Sparsity and Quantization Combined
|Sparse Layer Compression Ratio 4||2:4|
|Format||Val Loss||Test Loss||CR||MOS||Val Loss||Test Loss||CR||MOS|
Finally, we consider applying both quantization and sparsity to our WaveNet model at the same time. Due to time constraints and the large number of runs required if running every combination of sparsity and precision previously considered, we choose to only investigate two different sparsity levels. We use a per layer compression ratio of 4 since this produced a model with a high compression ratio that maintains a similar quality to the dense baseline. We also investigate with the 2:4 sparsity pattern since we suspect that this will become a popular choice for sparsity with tools supported by NVIDIA for this sparsity level.
The results for these experiments are presented in Table 5. When looking at the models using the sparse layer compression ratio of 4, we find that using quantization does not provide a significant degradation in quality compared to our FP32 baseline in all cases besides INT8. Our best model with this sparsity pattern is the TF32 which achieve MOS comparable with a baseline FP32 dense model whilst having a compression ratio of over 6.
When looking at the models that use the 2:4 sparsity pattern, we find results similar to the ones obtained using the sparse layer compression ratio of 4. The quantized models all have comparable audio fidelity to the FP32 model with no significant change in MOS result, despite having a compression ratio of up to 7.88 in the case of INT8.
4 Conclusions and Future Work
In this work we have shown that model compression can be utilised to create a WaveNet vocoder with a high compression ratio whilst still being capable of near-human quality speech synthesis.

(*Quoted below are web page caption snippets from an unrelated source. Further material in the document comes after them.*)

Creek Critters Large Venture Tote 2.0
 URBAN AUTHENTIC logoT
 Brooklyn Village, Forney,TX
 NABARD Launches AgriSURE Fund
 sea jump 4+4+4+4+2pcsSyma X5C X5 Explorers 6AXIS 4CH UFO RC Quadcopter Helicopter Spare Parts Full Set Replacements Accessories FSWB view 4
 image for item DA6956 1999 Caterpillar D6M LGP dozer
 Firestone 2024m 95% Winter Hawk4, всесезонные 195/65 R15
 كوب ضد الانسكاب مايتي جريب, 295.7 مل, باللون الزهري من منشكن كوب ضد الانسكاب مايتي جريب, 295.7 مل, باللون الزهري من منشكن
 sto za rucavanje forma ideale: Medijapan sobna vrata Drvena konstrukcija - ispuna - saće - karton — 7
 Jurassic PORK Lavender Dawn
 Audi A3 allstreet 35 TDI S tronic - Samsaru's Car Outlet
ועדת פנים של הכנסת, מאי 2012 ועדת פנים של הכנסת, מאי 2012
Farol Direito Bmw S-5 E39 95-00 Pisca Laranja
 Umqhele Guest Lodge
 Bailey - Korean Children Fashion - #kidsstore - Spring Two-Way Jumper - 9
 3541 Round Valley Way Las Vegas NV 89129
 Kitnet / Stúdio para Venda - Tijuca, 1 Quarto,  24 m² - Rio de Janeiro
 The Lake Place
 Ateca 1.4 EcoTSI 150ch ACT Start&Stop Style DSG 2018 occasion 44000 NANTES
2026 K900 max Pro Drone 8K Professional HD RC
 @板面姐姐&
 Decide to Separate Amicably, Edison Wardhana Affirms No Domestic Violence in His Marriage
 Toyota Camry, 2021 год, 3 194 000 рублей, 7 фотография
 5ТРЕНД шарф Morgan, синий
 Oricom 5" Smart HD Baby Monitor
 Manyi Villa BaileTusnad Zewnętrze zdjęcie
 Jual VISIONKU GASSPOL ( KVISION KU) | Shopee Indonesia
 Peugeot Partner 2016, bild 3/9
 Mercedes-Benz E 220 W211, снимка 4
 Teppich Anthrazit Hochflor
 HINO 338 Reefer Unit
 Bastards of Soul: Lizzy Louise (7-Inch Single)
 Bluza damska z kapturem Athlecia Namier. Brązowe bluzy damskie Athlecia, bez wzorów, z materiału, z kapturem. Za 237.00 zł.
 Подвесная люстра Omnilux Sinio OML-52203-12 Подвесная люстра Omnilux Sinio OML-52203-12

Our BFP16 model with a sparse layer compression ratio of 4 synthesizes audio with a quality that is on par with a dense FP32 baseline whilst achieving a compression ratio of 13.84.
We hypothesise that higher compression ratios may be achieved by exploiting more extreme forms of quantization, such as INT4, INT2 and even binary models, although we suspect that the use of QAT will be vital to maintain acceptable audio fidelity in these cases.
We hope that our results encourage the use of model quantization and sparsity to realise the theoretical speedup afforded by them on next generation hardware accelerators to produce high quality text-to-speech systems, although we leave the specifics of such deployments to future work.